Problem to solve:
Give back each entry word for word, but drop the images.
=== Recorded information ===
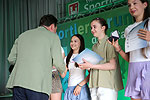 Bild 13 vergrern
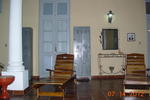 Hostel Nandepoa - Image 7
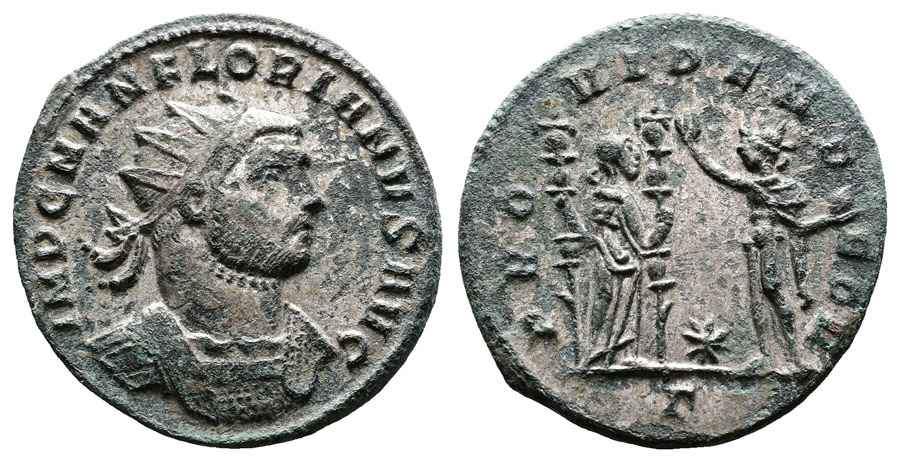 Agesilaos Antik Sikkeler Nümizmatik_FLORIANVS (14).jpg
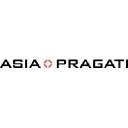 Asia Pragati Capfin Pvt Ltd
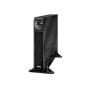 Непрекъсваем ТЗИ APC Smart-UPS SRT 2200VA 230V - SRT2200XLI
===
Problem solution:
 Bild 13 vergrern
 Hostel Nandepoa - Image 7
 Agesilaos Antik Sikkeler Nümizmatik_FLORIANVS (14).jpg
 Asia Pragati Capfin Pvt Ltd
 Непрекъсваем ТЗИ APC Smart-UPS SRT 2200VA 230V - SRT2200XLI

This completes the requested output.